** Work instruction **
Return all the entries exactly, keeping pictures out.

(Image-caption web data)
......
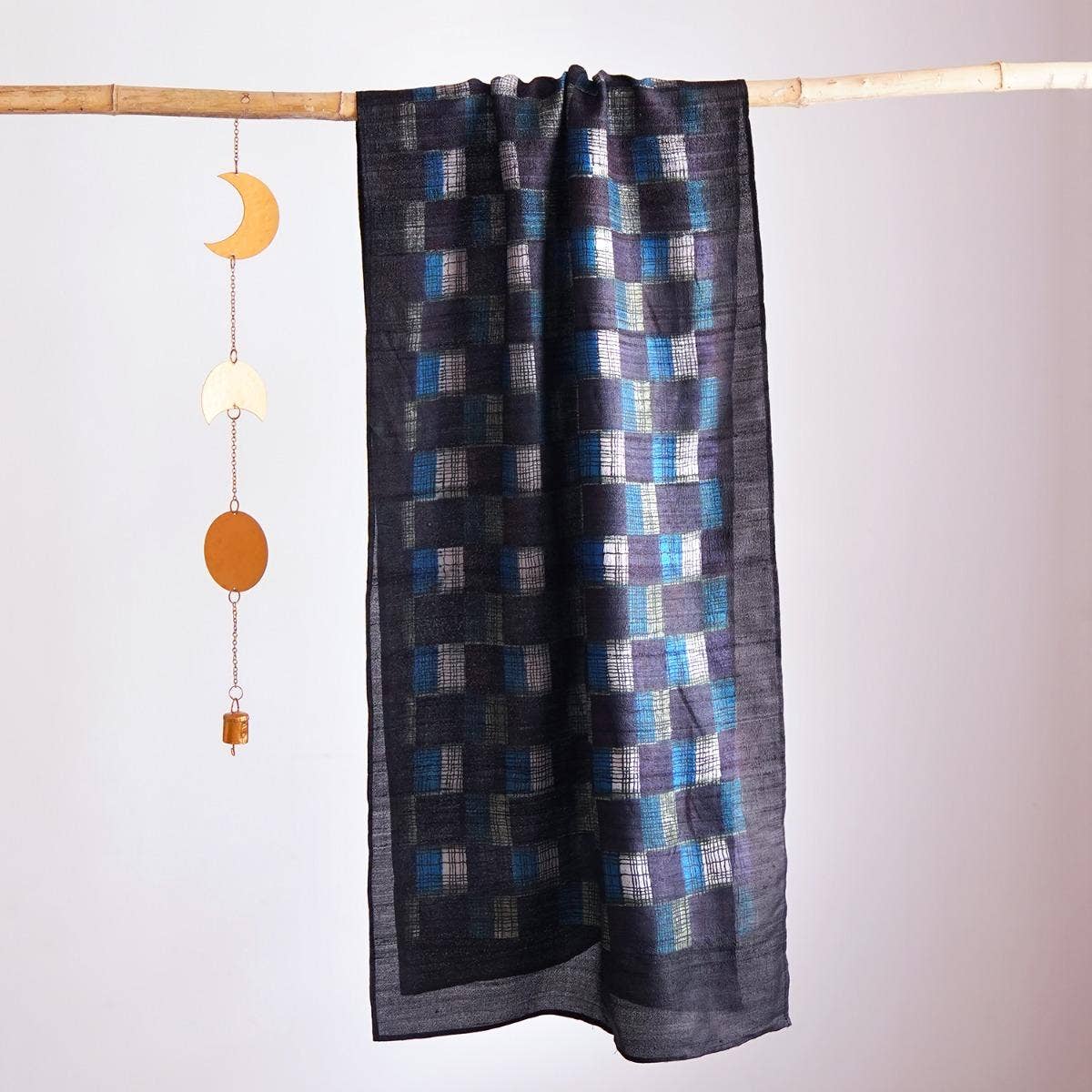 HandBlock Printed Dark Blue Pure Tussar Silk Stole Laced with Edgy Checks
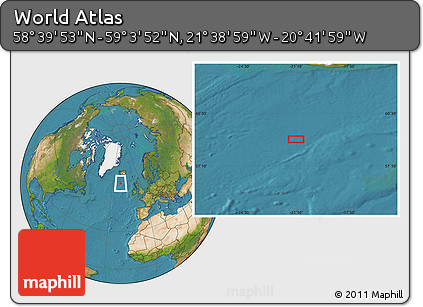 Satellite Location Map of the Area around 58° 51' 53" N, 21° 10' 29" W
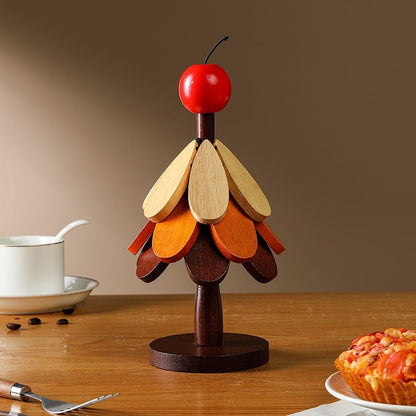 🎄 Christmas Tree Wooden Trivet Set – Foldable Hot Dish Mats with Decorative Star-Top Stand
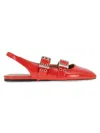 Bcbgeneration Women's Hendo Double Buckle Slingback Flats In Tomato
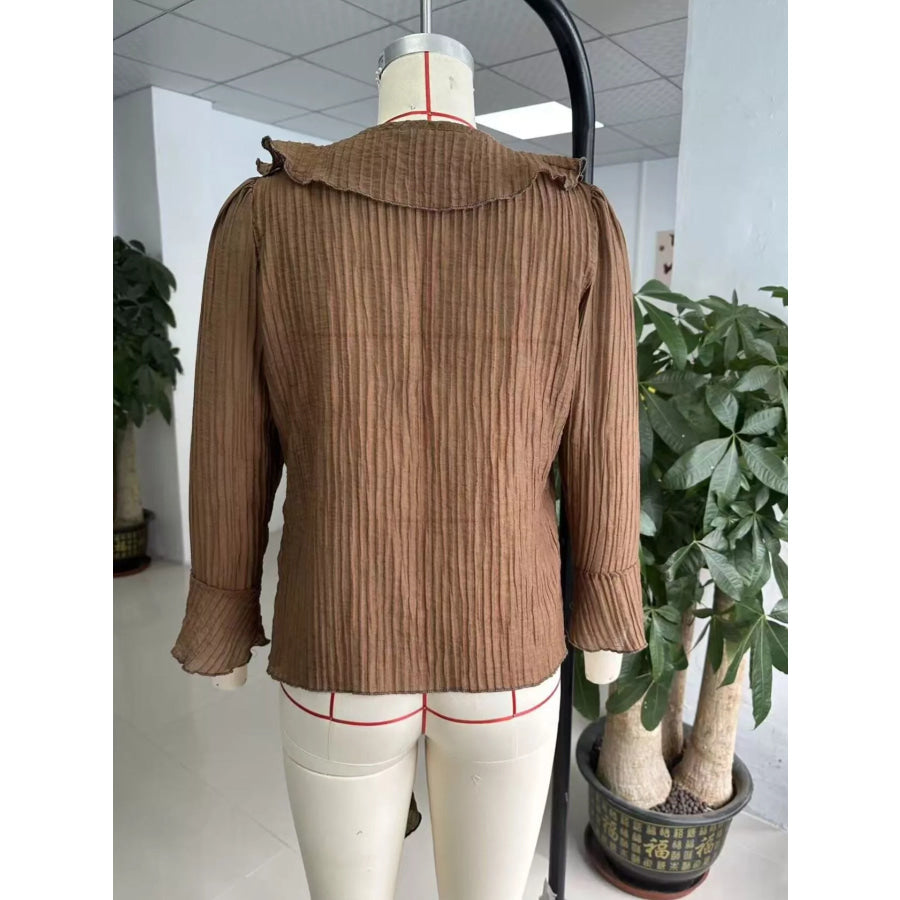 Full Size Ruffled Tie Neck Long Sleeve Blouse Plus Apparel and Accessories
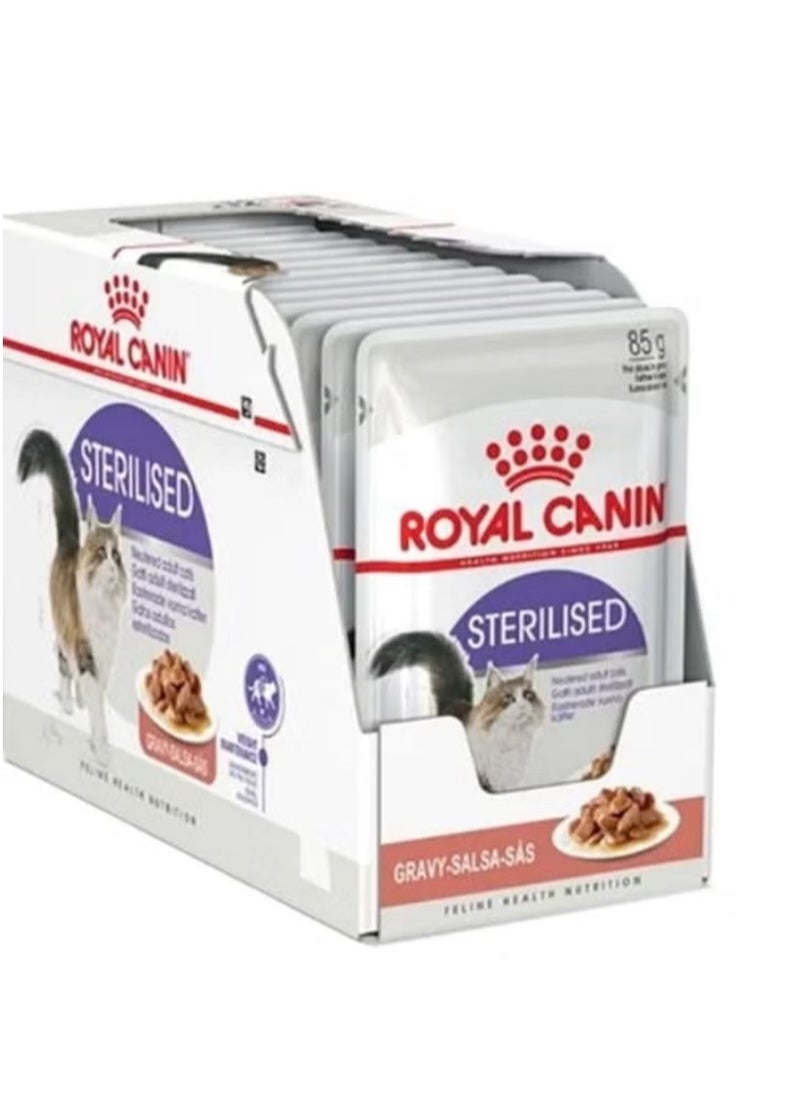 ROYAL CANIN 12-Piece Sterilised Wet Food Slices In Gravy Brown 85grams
......
** Exercise solution **
 HandBlock Printed Dark Blue Pure Tussar Silk Stole Laced with Edgy Checks
 Satellite Location Map of the Area around 58° 51' 53" N, 21° 10' 29" W
 🎄 Christmas Tree Wooden Trivet Set – Foldable Hot Dish Mats with Decorative Star-Top Stand
 Bcbgeneration Women's Hendo Double Buckle Slingback Flats In Tomato
 Full Size Ruffled Tie Neck Long Sleeve Blouse Plus Apparel and Accessories
 ROYAL CANIN 12-Piece Sterilised Wet Food Slices In Gravy Brown 85grams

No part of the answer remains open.